Military first

In contrast to many other countries the military in China is not under the direct control of the state, but the troops of the People’s Liberation Army are committed to the party (CCP). The army is the one in the world by the largest number of active troops and although according to the statistics, there the ratio of armed forces to the whole population seems considerably low, every know and then one runs into a group of soldiers in their uniforms. Even when they are doing sightseeing with their family it seems to be common to wear uniform, at least I saw several army personnel in the Summer Palace.

Soldiers near Tian’anmen
Soldiers near Tian’anmen Square.

Why do they were uniforms in public places? Actually I don’t know, but I might have a guess: It’s to their own advantage. Besides receiving the respect of other people, if they are easily identifiable as member of the army, admission is reduced at tourist sites, people are encouraged to have soldiers enter buses first (“Pregnant and servicemen first”) and in train stations they even get their own waiting hall so they don’t have to share the limited space in the regular, often noisy and crowded waiting halls with the regular passengers.
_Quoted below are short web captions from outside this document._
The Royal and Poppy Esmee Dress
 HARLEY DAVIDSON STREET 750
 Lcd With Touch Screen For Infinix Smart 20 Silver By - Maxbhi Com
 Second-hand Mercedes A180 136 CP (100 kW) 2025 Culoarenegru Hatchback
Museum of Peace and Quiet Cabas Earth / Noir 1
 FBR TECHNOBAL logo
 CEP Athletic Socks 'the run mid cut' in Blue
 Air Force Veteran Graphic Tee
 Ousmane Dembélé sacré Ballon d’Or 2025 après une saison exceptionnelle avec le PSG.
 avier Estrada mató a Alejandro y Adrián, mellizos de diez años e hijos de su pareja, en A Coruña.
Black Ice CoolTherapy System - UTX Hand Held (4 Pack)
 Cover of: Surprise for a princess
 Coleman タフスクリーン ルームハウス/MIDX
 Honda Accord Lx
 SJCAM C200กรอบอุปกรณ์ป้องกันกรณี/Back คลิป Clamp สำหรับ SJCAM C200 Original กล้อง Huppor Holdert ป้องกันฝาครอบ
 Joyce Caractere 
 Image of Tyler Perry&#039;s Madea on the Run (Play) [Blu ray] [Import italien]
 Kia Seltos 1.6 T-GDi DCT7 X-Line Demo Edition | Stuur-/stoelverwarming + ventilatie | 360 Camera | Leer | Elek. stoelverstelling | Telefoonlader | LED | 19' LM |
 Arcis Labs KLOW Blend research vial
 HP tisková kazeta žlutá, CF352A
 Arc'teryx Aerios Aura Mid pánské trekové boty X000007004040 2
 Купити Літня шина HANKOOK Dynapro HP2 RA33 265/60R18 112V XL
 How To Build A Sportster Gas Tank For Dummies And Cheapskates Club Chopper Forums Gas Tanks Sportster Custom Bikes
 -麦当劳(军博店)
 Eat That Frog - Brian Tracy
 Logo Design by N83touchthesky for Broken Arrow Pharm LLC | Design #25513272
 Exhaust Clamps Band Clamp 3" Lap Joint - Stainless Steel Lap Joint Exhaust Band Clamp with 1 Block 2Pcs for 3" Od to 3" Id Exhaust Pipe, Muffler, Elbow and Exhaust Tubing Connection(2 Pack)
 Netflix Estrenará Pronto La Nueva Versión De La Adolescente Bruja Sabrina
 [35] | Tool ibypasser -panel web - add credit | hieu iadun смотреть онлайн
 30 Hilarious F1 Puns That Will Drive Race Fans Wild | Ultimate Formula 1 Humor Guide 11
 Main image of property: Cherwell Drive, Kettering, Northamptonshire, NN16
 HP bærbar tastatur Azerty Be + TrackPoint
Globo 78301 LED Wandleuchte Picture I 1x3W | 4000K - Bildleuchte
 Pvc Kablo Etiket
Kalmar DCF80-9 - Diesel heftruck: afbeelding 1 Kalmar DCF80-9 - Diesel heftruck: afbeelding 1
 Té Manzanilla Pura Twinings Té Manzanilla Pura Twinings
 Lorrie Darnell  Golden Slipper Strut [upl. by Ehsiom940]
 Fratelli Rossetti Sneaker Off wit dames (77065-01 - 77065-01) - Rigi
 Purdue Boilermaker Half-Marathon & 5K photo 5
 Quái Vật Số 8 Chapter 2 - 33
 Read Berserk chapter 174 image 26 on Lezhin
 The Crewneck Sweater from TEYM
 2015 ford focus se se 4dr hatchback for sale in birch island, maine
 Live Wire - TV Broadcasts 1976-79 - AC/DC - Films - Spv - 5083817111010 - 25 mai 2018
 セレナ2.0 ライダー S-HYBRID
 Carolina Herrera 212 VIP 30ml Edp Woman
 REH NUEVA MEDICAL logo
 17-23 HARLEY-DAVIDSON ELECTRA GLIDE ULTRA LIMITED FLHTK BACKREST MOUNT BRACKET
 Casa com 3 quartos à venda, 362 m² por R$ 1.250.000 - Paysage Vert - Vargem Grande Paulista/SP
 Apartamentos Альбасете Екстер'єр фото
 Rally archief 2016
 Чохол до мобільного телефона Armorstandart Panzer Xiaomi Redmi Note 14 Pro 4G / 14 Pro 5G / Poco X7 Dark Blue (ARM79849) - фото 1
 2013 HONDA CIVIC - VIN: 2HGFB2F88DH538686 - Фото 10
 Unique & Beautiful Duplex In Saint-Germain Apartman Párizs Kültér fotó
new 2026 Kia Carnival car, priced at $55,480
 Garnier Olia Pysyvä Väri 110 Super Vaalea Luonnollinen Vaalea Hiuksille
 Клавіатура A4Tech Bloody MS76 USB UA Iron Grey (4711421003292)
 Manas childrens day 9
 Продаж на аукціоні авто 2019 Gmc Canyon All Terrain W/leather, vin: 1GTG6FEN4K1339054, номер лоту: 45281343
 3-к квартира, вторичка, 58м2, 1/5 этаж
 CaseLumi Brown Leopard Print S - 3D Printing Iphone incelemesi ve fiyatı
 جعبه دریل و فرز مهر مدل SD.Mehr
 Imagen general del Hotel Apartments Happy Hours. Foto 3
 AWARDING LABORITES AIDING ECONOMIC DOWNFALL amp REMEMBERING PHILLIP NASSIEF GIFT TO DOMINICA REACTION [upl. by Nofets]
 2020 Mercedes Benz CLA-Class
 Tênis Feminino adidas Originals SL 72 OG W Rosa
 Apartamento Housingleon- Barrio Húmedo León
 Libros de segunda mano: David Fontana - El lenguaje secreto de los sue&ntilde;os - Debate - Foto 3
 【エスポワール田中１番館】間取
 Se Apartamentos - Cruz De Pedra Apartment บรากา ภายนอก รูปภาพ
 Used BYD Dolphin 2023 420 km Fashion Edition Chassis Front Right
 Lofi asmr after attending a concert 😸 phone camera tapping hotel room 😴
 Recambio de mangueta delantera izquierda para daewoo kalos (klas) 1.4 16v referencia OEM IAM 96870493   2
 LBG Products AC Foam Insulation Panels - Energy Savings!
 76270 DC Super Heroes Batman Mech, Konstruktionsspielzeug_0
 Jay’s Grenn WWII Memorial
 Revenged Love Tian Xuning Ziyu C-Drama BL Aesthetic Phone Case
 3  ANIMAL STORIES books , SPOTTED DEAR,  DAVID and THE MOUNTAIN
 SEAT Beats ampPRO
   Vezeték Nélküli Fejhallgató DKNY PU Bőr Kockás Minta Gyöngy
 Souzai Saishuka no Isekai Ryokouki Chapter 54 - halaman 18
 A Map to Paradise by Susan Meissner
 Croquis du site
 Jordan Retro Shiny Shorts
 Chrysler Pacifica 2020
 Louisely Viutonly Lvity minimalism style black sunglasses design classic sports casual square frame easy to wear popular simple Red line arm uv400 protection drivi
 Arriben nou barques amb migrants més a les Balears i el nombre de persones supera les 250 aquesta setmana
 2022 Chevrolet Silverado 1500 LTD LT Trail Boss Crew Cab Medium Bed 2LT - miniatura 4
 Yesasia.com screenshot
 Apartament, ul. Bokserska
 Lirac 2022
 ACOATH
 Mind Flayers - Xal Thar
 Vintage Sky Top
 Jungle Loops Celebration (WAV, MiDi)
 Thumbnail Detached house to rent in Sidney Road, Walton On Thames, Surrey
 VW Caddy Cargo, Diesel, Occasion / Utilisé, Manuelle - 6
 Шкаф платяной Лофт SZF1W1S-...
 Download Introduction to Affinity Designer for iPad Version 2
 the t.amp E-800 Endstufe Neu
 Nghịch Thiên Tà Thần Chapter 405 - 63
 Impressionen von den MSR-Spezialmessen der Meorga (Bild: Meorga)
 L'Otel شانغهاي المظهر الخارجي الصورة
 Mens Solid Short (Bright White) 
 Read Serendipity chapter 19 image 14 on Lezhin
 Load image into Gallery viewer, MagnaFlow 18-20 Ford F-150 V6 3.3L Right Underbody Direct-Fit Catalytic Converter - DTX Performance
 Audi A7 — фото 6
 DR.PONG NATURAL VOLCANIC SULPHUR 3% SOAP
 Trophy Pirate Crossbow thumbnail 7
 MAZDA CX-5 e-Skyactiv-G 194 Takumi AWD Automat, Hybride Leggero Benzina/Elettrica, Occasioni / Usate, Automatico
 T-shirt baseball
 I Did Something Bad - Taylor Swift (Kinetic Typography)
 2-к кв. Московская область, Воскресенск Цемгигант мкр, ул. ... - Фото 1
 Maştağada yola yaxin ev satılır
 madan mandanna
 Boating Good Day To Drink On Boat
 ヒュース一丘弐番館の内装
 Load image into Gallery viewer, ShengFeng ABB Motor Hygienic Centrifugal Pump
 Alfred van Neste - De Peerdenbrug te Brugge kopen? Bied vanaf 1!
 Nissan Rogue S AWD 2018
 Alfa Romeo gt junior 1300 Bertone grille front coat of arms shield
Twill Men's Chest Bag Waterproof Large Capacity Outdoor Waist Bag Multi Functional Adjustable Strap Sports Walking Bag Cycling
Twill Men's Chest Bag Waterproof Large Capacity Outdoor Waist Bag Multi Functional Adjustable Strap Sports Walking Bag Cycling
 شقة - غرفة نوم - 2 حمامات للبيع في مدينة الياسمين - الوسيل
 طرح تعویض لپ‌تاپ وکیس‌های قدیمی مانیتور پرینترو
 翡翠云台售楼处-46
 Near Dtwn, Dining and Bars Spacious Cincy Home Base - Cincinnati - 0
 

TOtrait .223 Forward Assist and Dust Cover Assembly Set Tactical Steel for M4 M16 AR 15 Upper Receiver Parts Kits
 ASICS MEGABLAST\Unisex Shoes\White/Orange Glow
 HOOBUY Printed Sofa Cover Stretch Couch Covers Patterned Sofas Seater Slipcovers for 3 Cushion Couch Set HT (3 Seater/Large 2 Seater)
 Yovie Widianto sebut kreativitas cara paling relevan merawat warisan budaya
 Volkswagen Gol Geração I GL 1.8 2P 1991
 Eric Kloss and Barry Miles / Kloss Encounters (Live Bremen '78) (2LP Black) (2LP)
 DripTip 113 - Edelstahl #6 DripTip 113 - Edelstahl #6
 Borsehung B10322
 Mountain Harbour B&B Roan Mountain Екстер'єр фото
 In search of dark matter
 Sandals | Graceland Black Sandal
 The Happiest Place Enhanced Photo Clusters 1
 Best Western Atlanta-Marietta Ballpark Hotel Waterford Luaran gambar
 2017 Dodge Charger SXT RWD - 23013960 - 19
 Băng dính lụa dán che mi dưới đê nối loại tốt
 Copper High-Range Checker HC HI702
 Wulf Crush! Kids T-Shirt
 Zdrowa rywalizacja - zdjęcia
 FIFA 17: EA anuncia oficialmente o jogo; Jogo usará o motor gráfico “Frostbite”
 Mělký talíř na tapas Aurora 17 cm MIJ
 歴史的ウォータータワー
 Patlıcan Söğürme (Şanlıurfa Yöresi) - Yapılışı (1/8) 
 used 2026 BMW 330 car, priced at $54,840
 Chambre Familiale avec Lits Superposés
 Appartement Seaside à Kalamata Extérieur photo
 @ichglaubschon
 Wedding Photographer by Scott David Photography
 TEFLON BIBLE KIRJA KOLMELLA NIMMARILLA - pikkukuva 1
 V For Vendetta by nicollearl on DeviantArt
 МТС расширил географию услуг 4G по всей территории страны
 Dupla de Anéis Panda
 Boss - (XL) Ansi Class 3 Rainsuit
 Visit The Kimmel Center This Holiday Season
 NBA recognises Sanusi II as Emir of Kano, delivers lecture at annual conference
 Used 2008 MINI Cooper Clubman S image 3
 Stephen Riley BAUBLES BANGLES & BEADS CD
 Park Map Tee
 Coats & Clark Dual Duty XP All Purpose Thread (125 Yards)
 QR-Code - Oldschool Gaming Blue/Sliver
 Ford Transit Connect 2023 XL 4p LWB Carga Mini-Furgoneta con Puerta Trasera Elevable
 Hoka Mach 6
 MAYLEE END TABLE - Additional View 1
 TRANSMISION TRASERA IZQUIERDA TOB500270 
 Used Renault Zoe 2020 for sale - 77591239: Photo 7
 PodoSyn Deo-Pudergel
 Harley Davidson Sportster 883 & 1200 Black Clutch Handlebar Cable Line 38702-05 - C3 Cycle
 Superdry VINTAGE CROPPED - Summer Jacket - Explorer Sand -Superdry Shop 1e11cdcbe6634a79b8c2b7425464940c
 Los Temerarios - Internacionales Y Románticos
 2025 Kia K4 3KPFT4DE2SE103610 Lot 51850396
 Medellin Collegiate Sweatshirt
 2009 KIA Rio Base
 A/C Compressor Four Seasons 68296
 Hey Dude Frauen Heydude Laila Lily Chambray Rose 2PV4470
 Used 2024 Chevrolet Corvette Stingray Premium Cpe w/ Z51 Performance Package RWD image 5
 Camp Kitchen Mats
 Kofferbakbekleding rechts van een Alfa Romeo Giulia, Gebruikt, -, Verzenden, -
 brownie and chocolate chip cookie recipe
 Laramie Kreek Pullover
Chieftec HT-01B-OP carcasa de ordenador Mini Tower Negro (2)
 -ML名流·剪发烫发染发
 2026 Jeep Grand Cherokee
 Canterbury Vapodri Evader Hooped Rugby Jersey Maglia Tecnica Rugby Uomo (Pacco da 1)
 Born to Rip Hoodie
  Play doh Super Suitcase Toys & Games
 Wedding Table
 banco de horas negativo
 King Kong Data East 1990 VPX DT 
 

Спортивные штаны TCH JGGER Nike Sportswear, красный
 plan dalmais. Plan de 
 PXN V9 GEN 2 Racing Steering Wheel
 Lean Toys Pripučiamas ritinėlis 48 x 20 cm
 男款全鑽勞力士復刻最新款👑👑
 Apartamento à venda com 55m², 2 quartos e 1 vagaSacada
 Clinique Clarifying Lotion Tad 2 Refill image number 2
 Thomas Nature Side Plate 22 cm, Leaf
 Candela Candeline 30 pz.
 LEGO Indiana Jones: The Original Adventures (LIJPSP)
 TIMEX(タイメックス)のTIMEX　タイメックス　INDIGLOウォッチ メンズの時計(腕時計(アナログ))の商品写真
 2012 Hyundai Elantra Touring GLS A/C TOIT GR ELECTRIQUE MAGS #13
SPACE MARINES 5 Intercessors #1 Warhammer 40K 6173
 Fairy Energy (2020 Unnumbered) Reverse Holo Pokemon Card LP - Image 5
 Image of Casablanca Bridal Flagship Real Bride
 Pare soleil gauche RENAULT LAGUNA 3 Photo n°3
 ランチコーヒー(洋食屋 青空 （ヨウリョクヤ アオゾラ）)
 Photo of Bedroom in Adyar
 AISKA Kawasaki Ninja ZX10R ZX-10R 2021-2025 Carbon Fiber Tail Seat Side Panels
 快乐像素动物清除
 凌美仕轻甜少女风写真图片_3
Waiting hall for servicemen
Soldiers enjoy the comfort of a separate waiting lounge.

How does the military recruit? There is no military draft in China, however all university students are required to take part in some military training (Junxun, 军训) during their first summer holidays. Our teacher told us, that at that point students seem to be most obedient, on the one hand because they are still relatively new to the university and the youngest students on campus, on the other hand, the weather during the summer holidays usually is very hot, causing the students to not risk any conflicts with their teachers in the training sessions. But my language exchange partner told me, that the weeks of military training went by relatively fast – without any great effort he managed to get the (unpopular) service behind him.
Both male and female students are required to take part in the program to continue their studies, so most students nowadays see it as a necessary evil and try the best to turn it into a (fun) holiday program with their friends to the largest possible extend.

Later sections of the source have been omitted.